**Using ntscraper (nitter)**

  IP Rotation

In [1]:
!pip install ntscraper
!pip install requests

Collecting ntscraper
  Downloading ntscraper-0.3.13-py3-none-any.whl.metadata (6.7 kB)
Downloading ntscraper-0.3.13-py3-none-any.whl (11 kB)
Installing collected packages: ntscraper
Successfully installed ntscraper-0.3.13


In [2]:
from ntscraper import Nitter
import pandas as pd

from tqdm import tqdm

# Load valid proxies
with open('/content/drive/MyDrive/Work/WebScrapingTask/proxy_list.txt', 'r') as f:
    proxies = f.read().split("\n")

# Initialize scraper
scraper = Nitter(log_level=1, skip_instance_check=False)

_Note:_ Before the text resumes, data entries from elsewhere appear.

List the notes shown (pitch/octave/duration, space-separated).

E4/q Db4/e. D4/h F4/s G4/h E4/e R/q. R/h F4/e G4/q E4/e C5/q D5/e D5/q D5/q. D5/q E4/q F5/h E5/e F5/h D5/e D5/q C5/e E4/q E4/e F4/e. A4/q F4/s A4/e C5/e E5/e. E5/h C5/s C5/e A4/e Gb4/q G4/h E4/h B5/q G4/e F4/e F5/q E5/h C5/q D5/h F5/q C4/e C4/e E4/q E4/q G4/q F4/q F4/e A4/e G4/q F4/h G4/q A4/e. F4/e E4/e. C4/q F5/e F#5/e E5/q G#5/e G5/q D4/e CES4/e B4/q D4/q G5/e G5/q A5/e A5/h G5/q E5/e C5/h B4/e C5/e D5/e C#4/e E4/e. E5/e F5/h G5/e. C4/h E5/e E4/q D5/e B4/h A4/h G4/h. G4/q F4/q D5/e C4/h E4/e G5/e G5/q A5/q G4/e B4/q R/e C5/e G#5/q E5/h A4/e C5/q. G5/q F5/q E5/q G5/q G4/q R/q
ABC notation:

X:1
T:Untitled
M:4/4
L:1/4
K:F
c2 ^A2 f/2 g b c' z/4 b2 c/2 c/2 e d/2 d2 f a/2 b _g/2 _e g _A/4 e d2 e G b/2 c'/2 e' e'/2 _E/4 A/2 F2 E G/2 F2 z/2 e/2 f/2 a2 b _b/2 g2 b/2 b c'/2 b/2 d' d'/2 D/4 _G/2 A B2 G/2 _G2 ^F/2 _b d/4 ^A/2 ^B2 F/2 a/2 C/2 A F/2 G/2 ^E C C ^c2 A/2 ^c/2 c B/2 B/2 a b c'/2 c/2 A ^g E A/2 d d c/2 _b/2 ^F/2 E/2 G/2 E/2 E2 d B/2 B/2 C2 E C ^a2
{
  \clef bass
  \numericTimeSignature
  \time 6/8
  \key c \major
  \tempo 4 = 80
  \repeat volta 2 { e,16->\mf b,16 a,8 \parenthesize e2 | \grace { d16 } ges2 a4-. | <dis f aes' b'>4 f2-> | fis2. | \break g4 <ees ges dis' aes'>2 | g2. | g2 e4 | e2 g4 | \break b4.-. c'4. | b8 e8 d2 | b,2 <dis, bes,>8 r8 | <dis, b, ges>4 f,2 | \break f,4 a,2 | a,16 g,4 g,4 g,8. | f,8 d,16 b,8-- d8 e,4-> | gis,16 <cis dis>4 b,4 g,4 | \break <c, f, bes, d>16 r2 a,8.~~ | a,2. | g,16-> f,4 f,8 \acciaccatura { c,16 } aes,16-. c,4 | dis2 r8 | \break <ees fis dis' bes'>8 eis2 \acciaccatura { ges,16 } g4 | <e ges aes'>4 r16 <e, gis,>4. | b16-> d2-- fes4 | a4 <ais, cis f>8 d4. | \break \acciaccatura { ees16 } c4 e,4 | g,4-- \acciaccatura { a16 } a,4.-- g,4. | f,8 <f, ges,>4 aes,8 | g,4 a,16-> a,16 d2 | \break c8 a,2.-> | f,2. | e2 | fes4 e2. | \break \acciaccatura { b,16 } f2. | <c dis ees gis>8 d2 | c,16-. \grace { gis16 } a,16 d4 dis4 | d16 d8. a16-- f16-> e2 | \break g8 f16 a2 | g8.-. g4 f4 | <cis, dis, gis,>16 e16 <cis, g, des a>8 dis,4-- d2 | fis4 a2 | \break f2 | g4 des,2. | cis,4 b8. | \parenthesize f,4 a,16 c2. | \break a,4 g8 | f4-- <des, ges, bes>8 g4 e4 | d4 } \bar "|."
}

# Function to scrape tweets using a proxy
def scrape_tweets_with_proxy(proxy, query, count):
    scraper.proxies = {"http": proxy, "https": proxy}
    tweets = scraper.get_tweets(query, mode="term", number=count)
    return tweets

# user input
query = input("Enter the search query (e.g., Data Science): ")
tweet_count = int(input("Enter the number of tweets to scrape: "))

data = {
    'link': [],
    'text': [],
    'user': [],
    'likes': [],
    'quotes': [],
    'retweets': [],
    'comments': []
}

# Rotate through proxies to scrape tweets
# Progress tracking
pbar = tqdm(total=tweet_count)
counter = 0
while len(data['text']) < tweet_count:
    proxy = proxies[counter % len(proxies)]
    try:
        tweets = scrape_tweets_with_proxy(proxy, query, min(100, tweet_count - len(data['text'])))
        for tweet in tweets['tweets']:
            data['link'].append(tweet['link'])
            data['text'].append(tweet['text'])
            data['user'].append(tweet['user']['name'])
            data['likes'].append(tweet['stats']['likes'])
            data['quotes'].append(tweet['stats']['quotes'])
            data['retweets'].append(tweet['stats']['retweets'])
            data['comments'].append(tweet['stats']['comments'])
        pbar.update(len(tweets['tweets']))
    except Exception as e:
        print(f"Failed with proxy {proxy}: {e}")
    finally:
        counter += 1

pbar.close()

# Save scraped data to a DataFrame
df = pd.DataFrame(data)

df.to_csv('/content/drive/MyDrive/Work/WebScrapingTask/dynamic_scraped_tweets.csv', index=False)
print("Scraping completed and saved to CSV.")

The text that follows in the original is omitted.